Question 1197163: If −𝜋 ≤ 𝑥 ≤ 0, then cos−1(cos 𝑥) is:
A)𝑥 B)𝜋−𝑥 C)2𝜋+𝑥 D)2𝜋−𝑥 E)None
Found 2 solutions by Theo, greenestamps:
Answer by Theo(13342)   (Show Source):
You can put this solution on YOUR website! if you graph the equation, you can see what's going on.
the graph is shown below:
you can see from the graph that when x = pi/2, y = arccos(cos(x)) = arccos(cos(pi/2)) = pi/2.
that would indicate that arccos(cos(x)) = x.
that's true when 0 < x < pi.
arccos(cos(-pi/2)) = pi/2 as well.
however, since the angle is -pi/2, then the coordinate pair is (-pi/2,pi/2) which indicates that arccos(x) = -x when -pi < x < 0
the equivalent positive angle of -x is equal to -pi/2 + 2pi = 3pi/2.
that would be 2pi + x because 2pi + (-pi/2) = 3pi/2.
this is very tough to see unless you can graph it.
the graphing software i used is at https://www.desmos.com/calculator
it looks to me that your solution is selection C which is 2pi + x.

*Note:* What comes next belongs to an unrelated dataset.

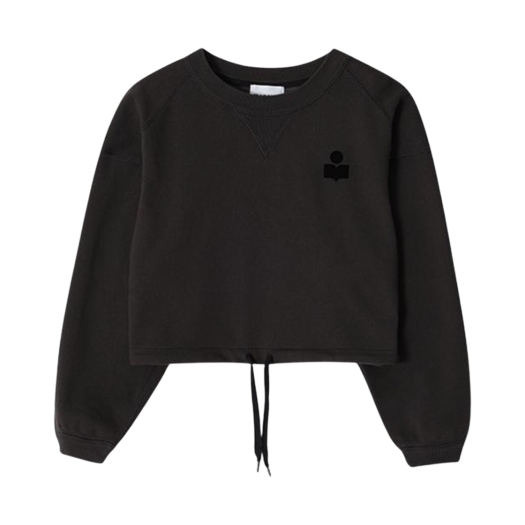 (W) Isabel Marant Margo Short Logo Sweatshirt Black - 24FW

you didn't have -x as a solution.
you needed to now that -x was equivalent to 2pi - (-x) = 2pi + x.
arccos(cos(-pi/2) = pi/2.
arccos(cos(2pi+pi/2) = pi/2.
let me know if you have any questions.
theo
Answer by greenestamps(13241)  (Show Source):
You can put this solution on YOUR website!
For the inverse cosine function, the input is a real number between -1 and +1, and the output value is in a range which is the interval closest to 0 in which cos(x) takes on all it values.
cos(x) takes on all its values on [0,pi), so the output of the inverse cosine function is on that interval. Note cos(x) also takes on all its value on [-pi,0); but the convention is to use the interval where the numbers are positive.
cos(x) has a period of 2pi, so cos^(-1)(cos(x)) returns a value equal to x, plus or minus the multiple of 2pi that makes the output value between 0 and pi.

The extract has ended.